Big news like Llama 2 get immediately posted on YCombinator’s Hacker News, and Llama 2 was near the top of the activity-ranked feed for several days, with 819 comments. Meta released Llama 2 under a license that’s much more commercial friendly than the original LLaMA; let’s call it commercial-friendly-unless-you’re-huge because it contains a clause that triggers a need to secure a license only if the organization using Llama 2 has more than 700 million monthly active users. This constraint impacts a very short list of companies, Apple among them.

That led to chatter on Hacker News around Apple’s place in the LLM / GPT space. Here’s a sampling:

(stu2b50) I think more Apple [that this constraint blocks]. It’s not like Google or Microsoft would want to use LLaMA when they have fully capable models themselves. I wouldn’t be surprised if Amazon does as well …Apple is the big laggard in terms of big tech and complex neural network models.

(samwillis) Apple would absolutely not want to use a competitors, or any other, public LLM. They want to own the whole stack, and will want to have their own secret source as part of it. It’s not like they don’t have the capital to invest in training…

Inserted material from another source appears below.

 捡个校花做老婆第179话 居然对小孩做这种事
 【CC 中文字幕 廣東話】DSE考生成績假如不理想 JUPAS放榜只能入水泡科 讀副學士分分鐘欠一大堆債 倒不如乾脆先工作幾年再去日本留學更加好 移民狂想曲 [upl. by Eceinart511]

(NotAFood) Apple has shown time and time again that they have the human capital and money to tackle massive projects discretely. It’s already fairly well known that Apple’s NLP experts from Siri have been reallocated to some secret project. They are more than capable of training an LLM but given their track record in other segments they probably want to wait for the technology to become more “polished” and give less hallucinated answers. They are likely also want the LLM to work locally (at least partially) on their devices using the Neural Engine which adds further engineering complexity to their project. They could even be timing the LLM’s launch around a hardware release capable of running the model (M3, M4, etc…).

(amelius) Apple only has to slightly open their wallet to become a DL superpower.

(yellow_postit) Apple is a complete laggard in this space due to years of restrictions on research. They are hiring multiple “AI” roles now and they have the capital and focus to “eventually” catch up — but it is very much a catch-up game … That said, they seem to prefer catchup waiting till others explore new tech they swoop in an (claim) to perfect it from a usability pov. I have no reason to suspect they won’t do the same here.

(whimsicalism) I work in the field and they just are not hiring the people they need to be hiring.

My Take on Apple in LLM/GPT Land

  • Of course Apple is working on something LLM.
    • This doesn’t mean the something will ever see the light of day.
    • We won’t hear about it until it’s polished and ready.
  • Despite massive support for, and applications of, machine learning throughout their software+hardware ecosystem, Apple was blindsided by the generative AI explosion and is playing catch-up.
    • The comments around Apple not hiring the people they need to be hiring are probably a fair assessment, a symptom of Apple’s blindsided-catching-up current state.
  • Apple is uniquely positioned to do some really good things in this space, once they get their shit together.
  • Apple will indeed get their LLM shit together to some reasonable degre—in Apple Time.
  • Apple Time moves far slower than AI Time. Apple might get pinched, except where they’re uniquely positioned.